Post by ernandez R » Sun Feb 24, 2019 7:04 am

Stephen Faulk wrote:
Sun Feb 24, 2019 4:24 am
Great story and fitting for your taste and style.
Looks very much like a 'trade' instrument, I read the part where you think it's Valencia. I think so too. A trade instrument
means it was made in a production facility by order from a merchant, the violin world has a lot of trade instruments form the late 1800's made in various places in Germany and Austria for example. Valencia for Spanish guitar trade instruments. Sears Roebuck in America did the same thing, bought from fabricators that built certain models to be labeled by the vendors who bought them in quantity.

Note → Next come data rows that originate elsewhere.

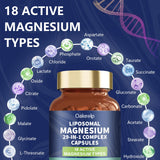 Oakevlp Magnesio Liposomal, etiqueta detallada para confirmar concentraciones y uso informado.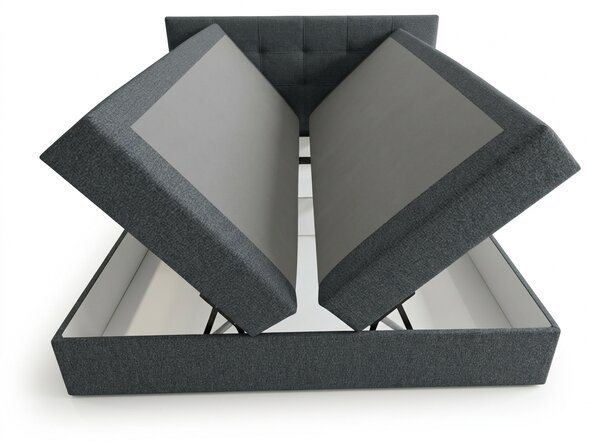 Oblazinjena postelja boxspring DIRELIS VIBE 140x200 cm temno siva Vzmetnica: Vzmetnica Bonell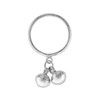 Sterling Silver Dangling Ball Charm Ring for Women 2mm Wide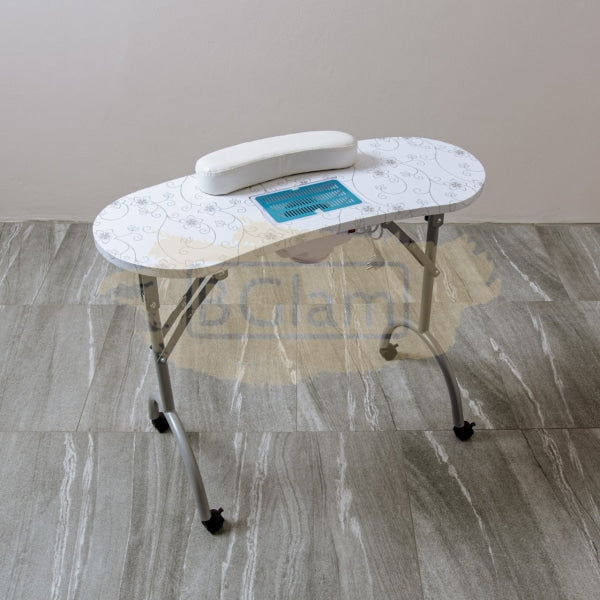 Foldable Manicure Station - White Flower Design with Dust Collector & Carry Bag MT-020F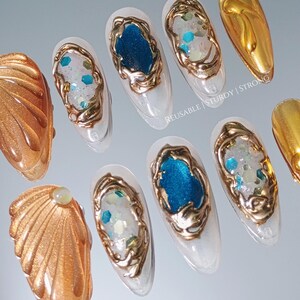 Gold Shell Blue Crystal Gemstone Press On Nails, Luxury Gold Chrome Nails, Ocean Inspired Gem Nails, Reusable Handmade Nails image 14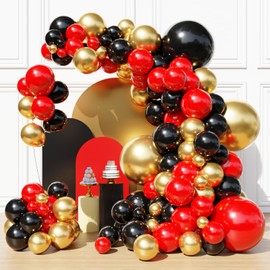 Red Black and Gold Balloons Garland Arch Kit, Black Gold Red Balloons for Casino Theme Party Decorations, New Year, Birthday Party Decoration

That the original tornavoz is pretty cool, but it makes me next question difficult...I'd like to know how they braced it. You have to make special lights and mirrors to peak under the brass cup to do that. Oh well, some things are better as mysteries.

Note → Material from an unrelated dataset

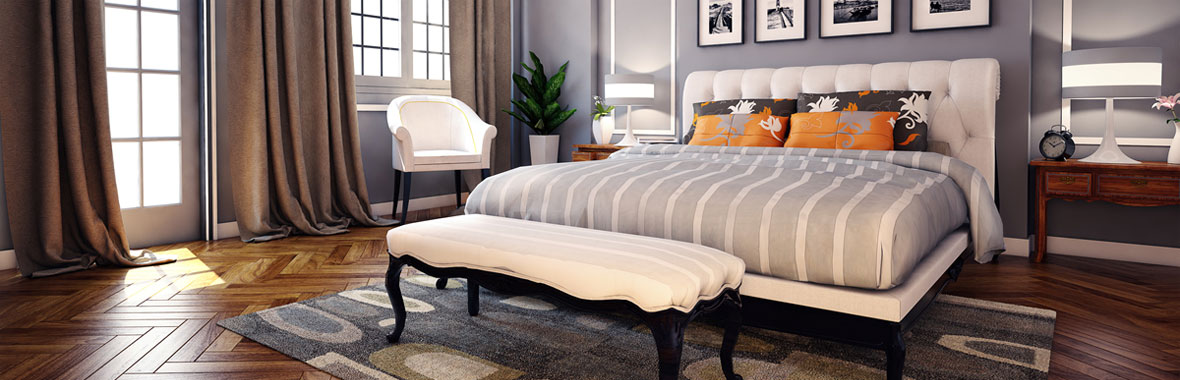 Re-upholstered bedroom furniture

I don't mind the bling, as you say is tarnished down a few notches. The guy who brought it around was very kind and enlightened to pass it along to a real player who will use it, rather then milk every last euro out of it, which never helps music.

Does the tornavoz have any contact with the back via small props of wood?
My first though too was, wonder how it's braced inside etc?

I was under the impression that a tornavoz was removable with a key or somthing like that?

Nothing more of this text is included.